As a young woman, Jackson drank hard, married and divorced, and travelled in a band, before finding her niche. Now 51, she's been teaching for a dozen years, and lives with her dogs, sheep, and 16-year-old daughter Lily on a Metchosin acreage, where she talked about her relationship with hockey.

"I love the game," Jackson said, but her love is the angles and perspectives missing in the Don Cherry Rock'em Sock'em version. She thinks the NHL does a "lousy" job of promoting the game to women, despite the fact approximately 40 per cent of ticket buyers are female. "I think women get left out of the conversation."

"I wrote about how hockey can inspire us, including women, in a lot of different ways."

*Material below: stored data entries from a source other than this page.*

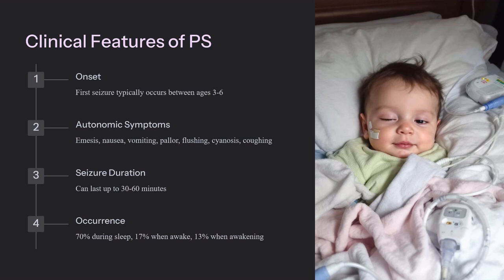Paneopoulos and others found that emetic symptoms accounted for about 72% of all autonomic manifestations in 47 patients, which can include nausea, vomiting, and retching. Other symptoms that may occur simultaneously include pallor, flushing, cyanosis, and coughing. Almost 70% of seizures can occur during sleep, as opposed to nearly 17% when awake or about 13% when the person is awakening.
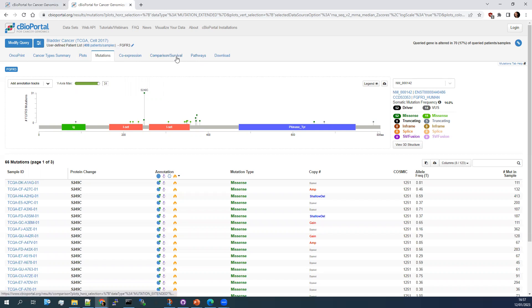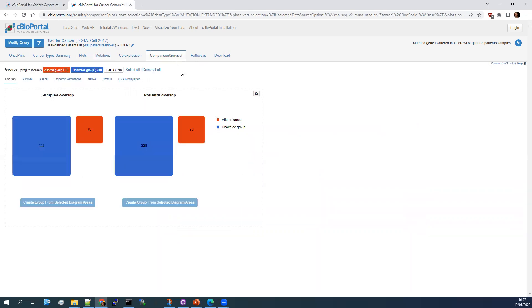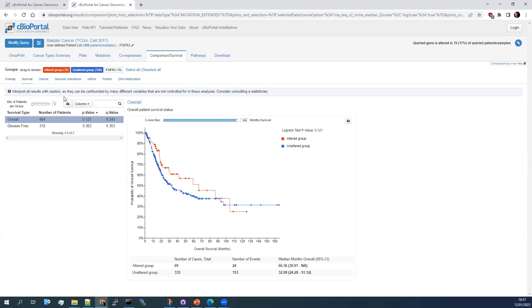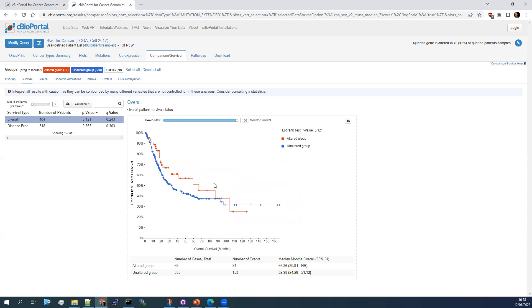Just like with the other things we've looked at so far, you can start looking at things like survival. So you go into the comparison section, look at things like survival, and you can see that whilst it's tending towards the FGFR3 mutated tumors have a better survival, it's not a significant difference.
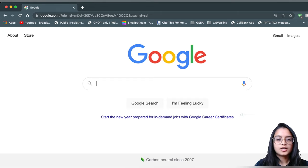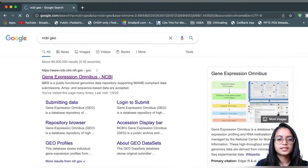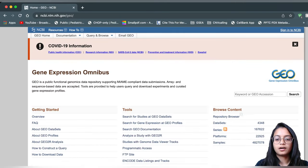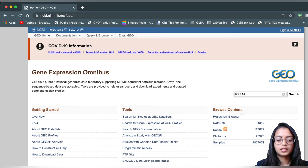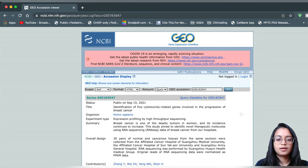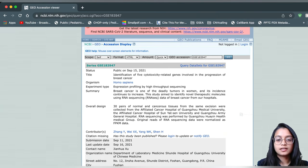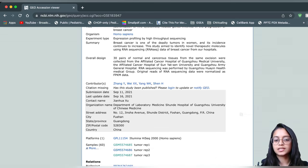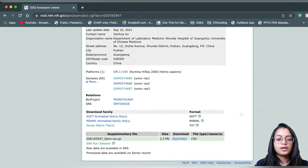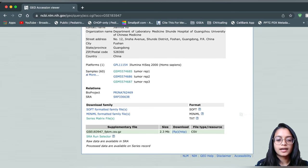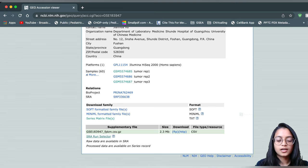Let's start by going to NCBI GEO, which is the same place where we retrieved our gene expression data. The GSE ID I'll be using is GSE183947 — this is the breast cancer dataset containing 30 pairs of tumor and normal samples, with data normalized as FPKM. This is the same dataset used in our previous videos. Today I'll scroll down and click on the SRA Run Selector because I want to retrieve the sequencing data rather than the gene expression data.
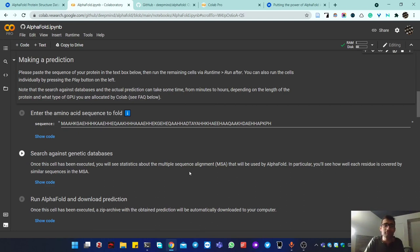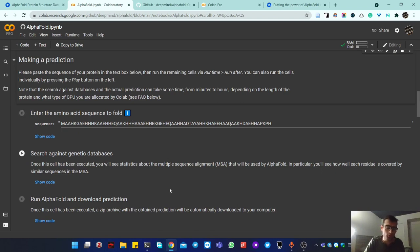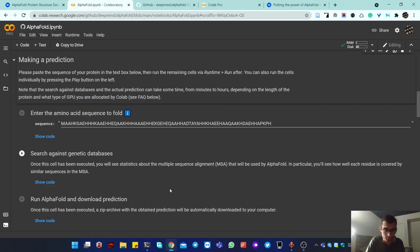However, if you have a fusion protein combining three proteins and the sequence is too long, even Colab Pro may not have enough RAM. In that case, the last option is to install AlphaFold on your own computer. If you're on Linux, you've probably already figured it out. If you're on Mac, since it's Unix-based and close to Linux, you should be able to install everything.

Years ago Jackson, who is fine with a good clean fight, was turned off by the violence and aggression in the sport. But in 2002, she became mesmerized by the skill and thrill of the Olympic tournament -- by Markus Naslund and Todd Bertuzzi and by the way players carried their kids after winning the gold medal.

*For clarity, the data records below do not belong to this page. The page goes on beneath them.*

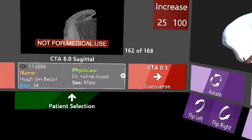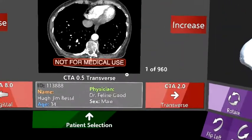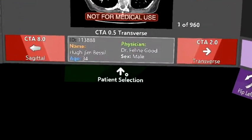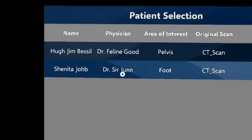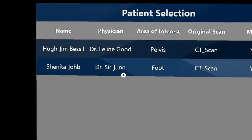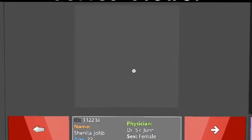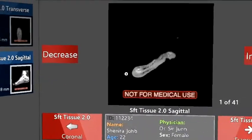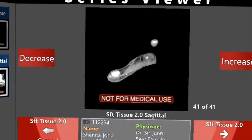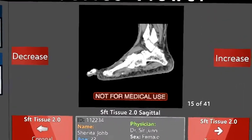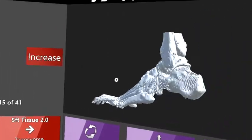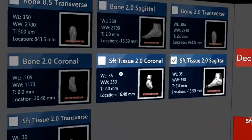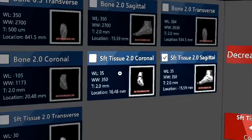I can also look at the transverse view — I can switch views within this area. Or I can switch patients. I can switch back to the foot now. These are all the patients that I have rights to today. And again I can go through the foot and look at the different views. In this case there are actually seven different views of the foot.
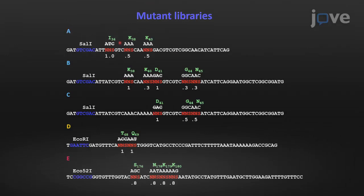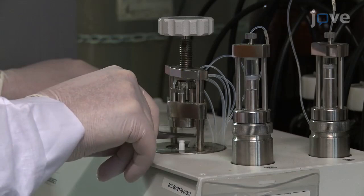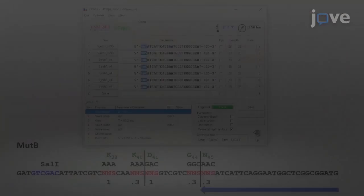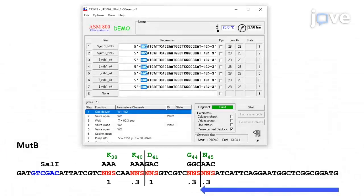To decide sites for subsaturation mutagenesis, choose mutagenesis frequencies according to the hypothetical importance of the sites, keeping limits on the overall library complexity in mind. To begin the synthesis, insert columns that have been packed with new resin into the synthesizer. Synthesize oligonucleotides in all columns up to the triplet immediately preceding the second subsaturation mutagenesis sites, counting from the three prime end.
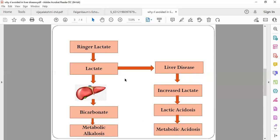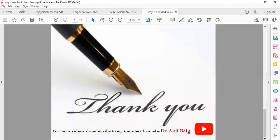So lactate should be avoided in any patients with liver disease. Thank you, hope you have liked this video. Do subscribe to my YouTube channel Dr. Arkib for more interesting videos. Thank you.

"I thought, 'That's not Phil Esposito going out to strip joints after the game,'" Jackson said. "I just loved watching hockey again, and it came out of nowhere."

Along with hockey, came a desire to get fit, and strengthen her knee. Jackson worked out at Juan de Fuca Recreation Centre, and immersed herself in hockey. She watched closely as the Canucks endured first the lockout, then the Bertuzzi incident and its circus-like aftermath, followed by the new regime.

"It was interesting to watch [coach Alain Vigneault] change the systems on the team, trying to make a silk purse out of a sow's ear, and he did."

Like every other Canucks fan, Jackson is anxious for the season to begin. She expects the Canucks to ice the best defence in the league, and is looking forward to seeing the magic of "beautiful players" Daniel and Henrik Sedin. Whether or not the Canucks make the Stanley Cup is immaterial, as far as she is concerned.

"I'm not a Stanley Cup watcher. The ending is not the most important part," Jackson said. "I like the journey."